In this comprehensive study, we conducted an assessment of the ESV of the TRB by leveraging LULC data. Equivalence factors were modified with consideration for biomass and socioeconomic factors, leading to insights into the intricate relationships between the ESV and natural conditions, climate change, human activity, and LPIs. Finally, the PLUS model was subsequently employed to simulate the spatiotemporal evolution of the TRB’s ESV under two scenarios: the natural development scenario and the goal-oriented scenario for 2030. The key findings are outlined below:

(1) The ESV of the TRB demonstrated a consistent increase from CNY 3.54 × 10¹⁰ in 2000 to CNY 4.08 × 10¹⁰ in 2015, followed by gradual fluctuations but an overall upward trajectory.
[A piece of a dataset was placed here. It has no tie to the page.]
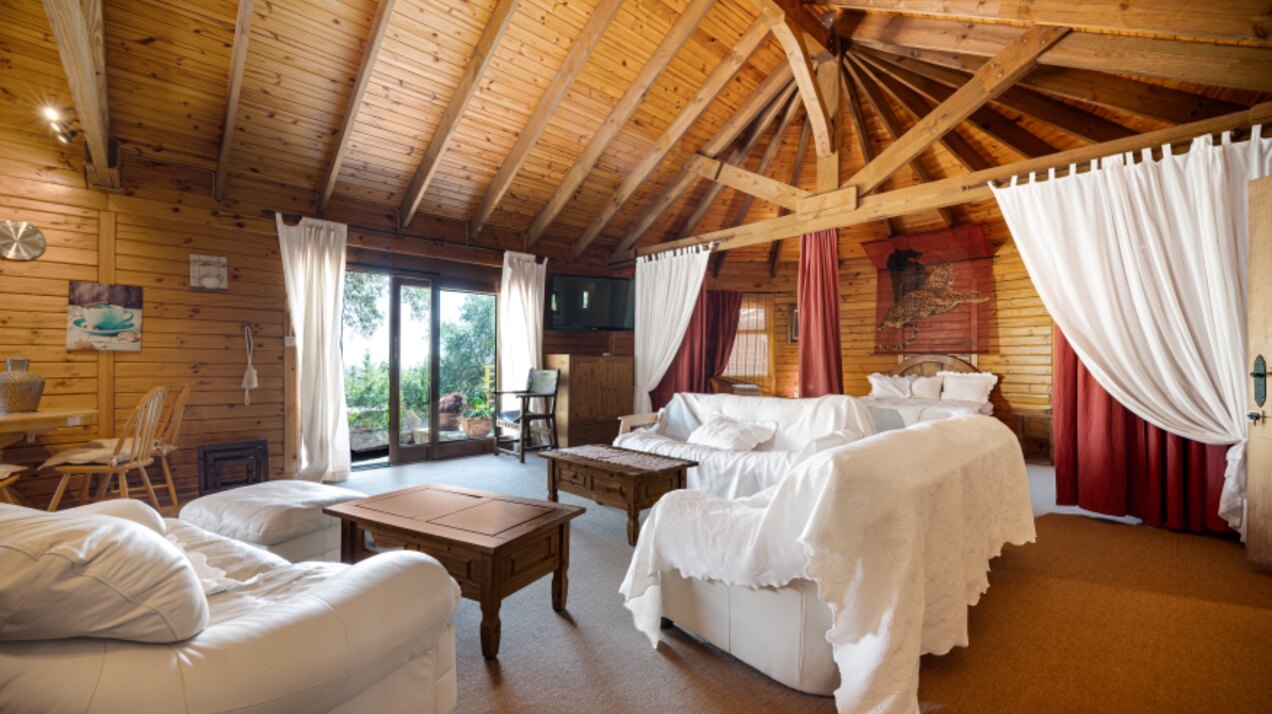 Stunning wooden country finca sits on the outskirts of Monda and its historic castle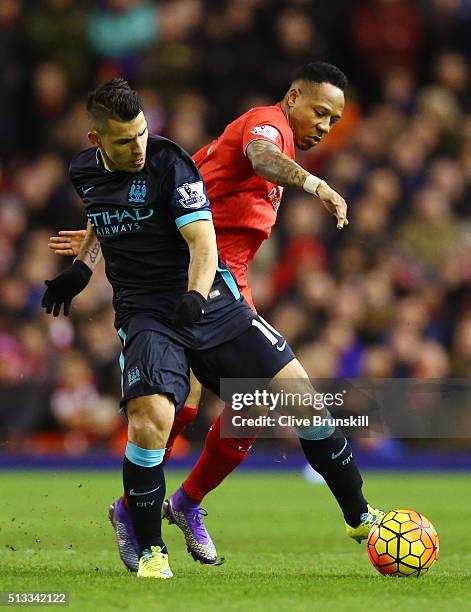 Sergio Aguero of Manchester City challenges Nathaniel Clyne of Liverpool for the ball during the Barclays Premier League match between Liverpool and...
This rise was attributed to the corrected standard equivalent factor (Ea′), emphasizing the developmental progress of the ecological environment and society;

(2) Regulating service value (RSV) and supporting service value (SSV) emerged as pivotal ecosystem functions within the watershed, displaying temporal consistency. The changes in provisioning service value (PSV) and cultural service value (CSV) remained relatively modest across the four stages. Notably, forest land held the highest proportion of the ESV, constituting 94% of the total value, while water areas and wetlands exhibited higher unit area ESV compared to other land types;

(3) Pearson correlation coefficients between the ESV and landscape pattern indices (SI, SHDI, and AI) revealed values of −0.65, 0.72, and 0.60, respectively. Factor exploration indicated the significance of all variables, with the q-value ranking as follows: HAILS (0.678) > TEM (0.470) > NDVI (0.435) > DEM (0.348) > SOMC (0.305) > PRE (0.148);

(4) The PLUS simulation forecasted that forest land would continue to have the highest ESV in 2030. Utilizing the GM (1, 1) model for prediction, unit ESV values for different land types were estimated: cultivated land (3394.79 CNY/ha), grassland (10,367.71 CNY/ha), water area (107,954.26 CNY/ha), unused land (558.64 CNY/ha), and wetland (44,708.07 CNY/ha). The exploration of ESV spatial cold spots and hot spots under different conditions validated the scientific basis and necessity for implementing the Plan.

In summary, our research underscores the imperative and scientific foundation for implementing sustainable development and ecological conservation plans in the TRB region. This study provides valuable insights and recommendations for future implementation efforts.